Two remarkable events in the media world in the final days of May passed barely noticed. They deserved wider attention because they explain better than anything else does the most momentous folly of our time.
First, Secretary of State Colin Powell admitted on Meet the Press that when he went before the United Nations in 2002 and made the dramatic case for invading Iraq much of the alarming information that he passed on to the world was misleading or just flat wrong and that he was embarrassed and deeply sorry for it. The administration fell for purposeful lies. The Bush administration does not admit mistakes. No one else in the administration joined him in the mea culpa.

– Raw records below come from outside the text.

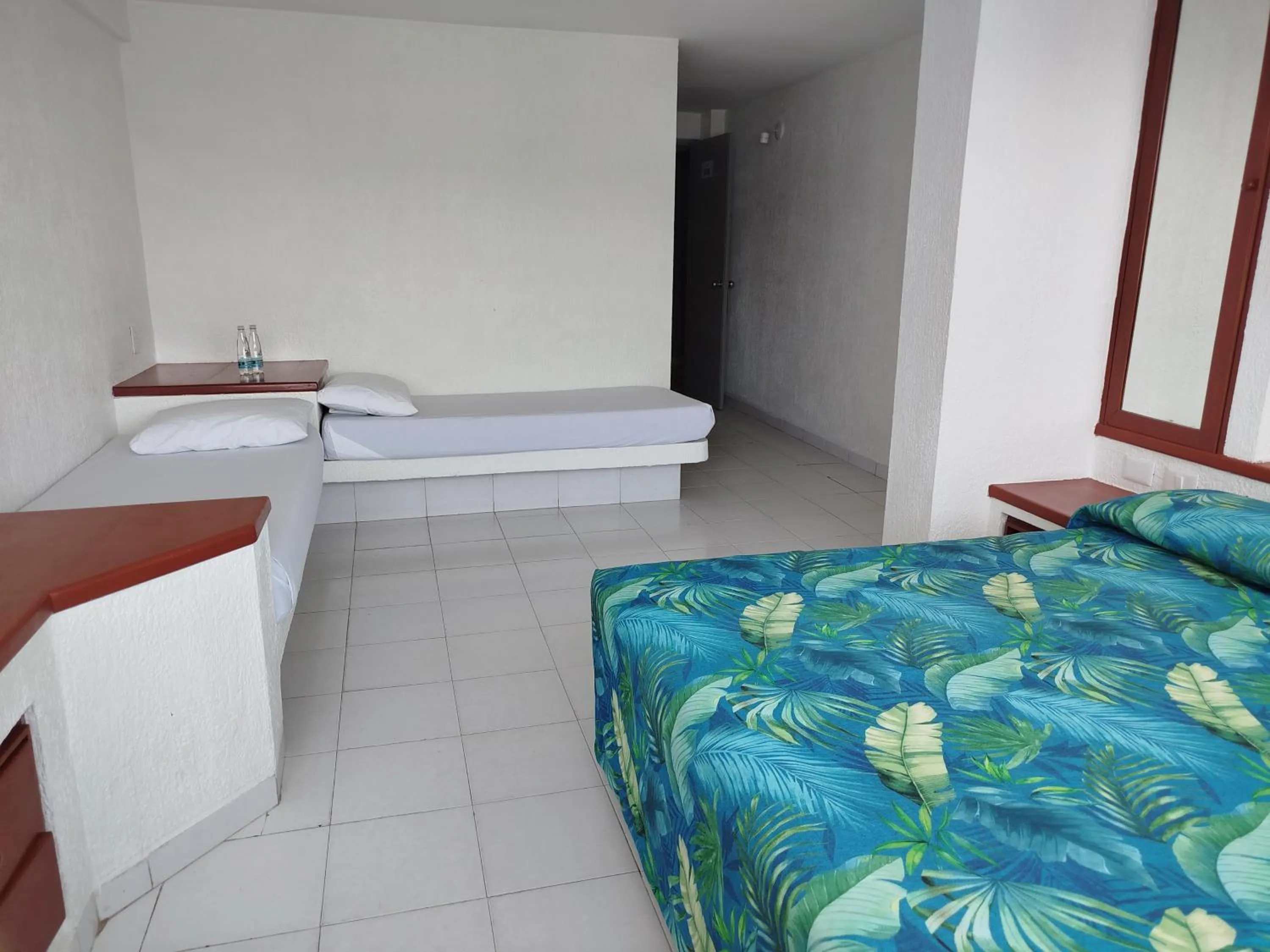 Bed in Hotel Aristos Acapulco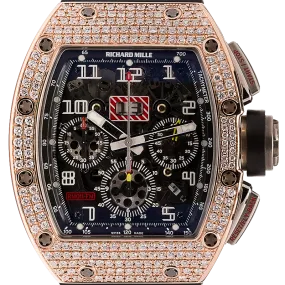 Richard Mille RM011 Felipe Massa Custom Diamond Set Bezel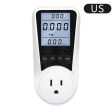 Digital Wattmeter Power Energy Consumption Meter Multifunction LCD Display Voltage Current Electric Meter with Backlit Supply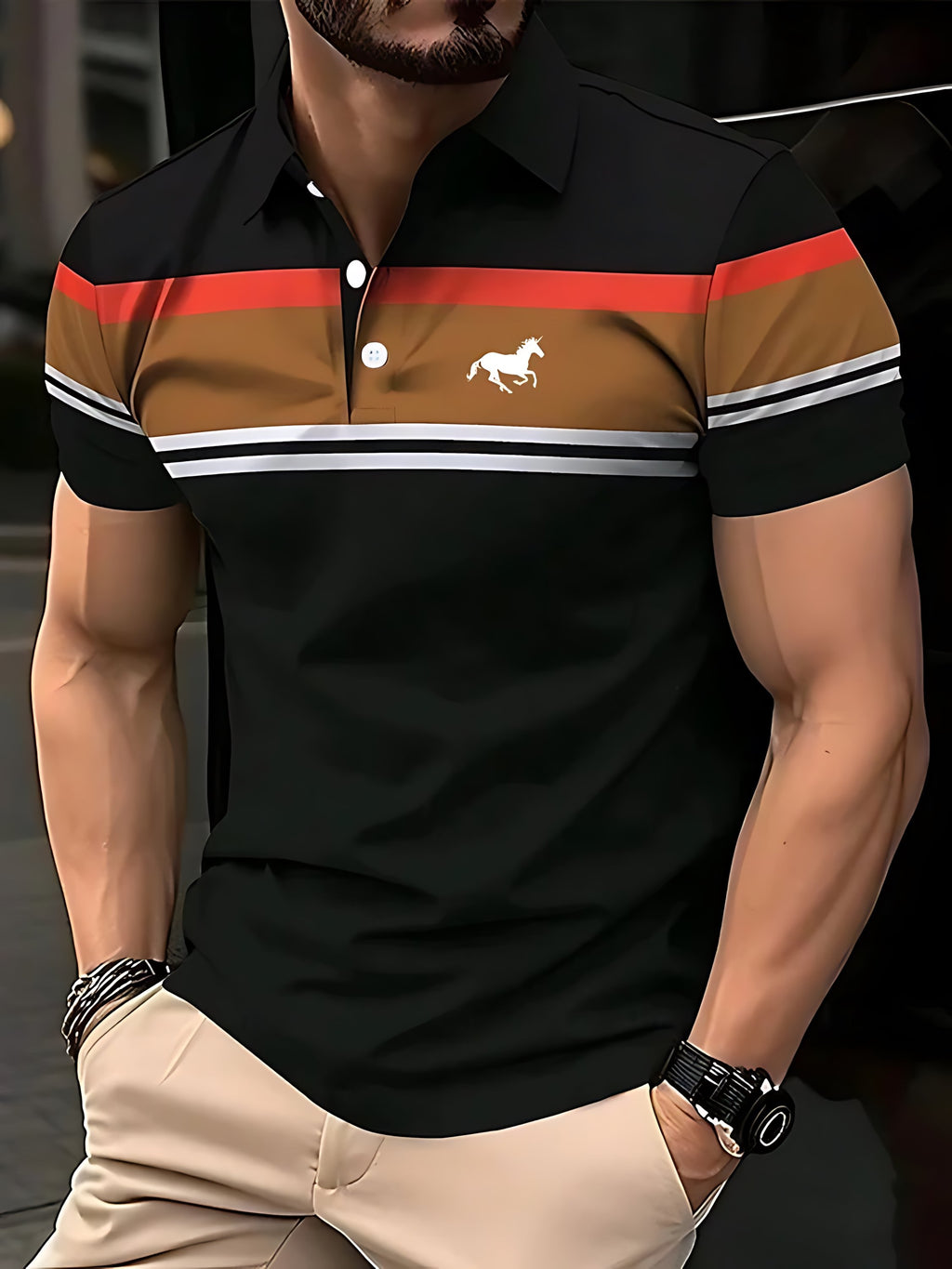Sports Shirt 2026 Summer New Style Mens Polo Shirt - Breathable Lightweight Casual Fashionable 3D Print -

We now know that many if not most of the lies about weapons of mass destruction that were peddled by Powell, the president, vice president and Defense Department came from Ahmad Chalabi, the Iraqi exile who hoped to be installed as the ruler after Iraq was conquered, and his “defectors.” A Chalabi rule indeed was the administration’s, but not Powell’s, plan. This week the government was forced to admit that Chalabi has been passing on vital intelligence secrets learned from the administration to Iran, which almost certainly has cost American lives in Iraq. Bush has finally directed that they stop filling his pockets with American taxpayers’ money.
This was followed in a few days by a strange editor’s note in The New York Times admitting that the newspaper fell for the same garbage in the months leading up to the invasion and afterward and passed it along on the front pages. The note also praised its own coverage generally, invited the rest of the media to share its failings and did not name the men and women whose shoddy reporting and editing had so tragically misled the country. Mainly, it was Judith Miller, the paper’s Pulitzer Prize-winning celebrity. The newspaper’s ombudsman was not so delicate or forgiving.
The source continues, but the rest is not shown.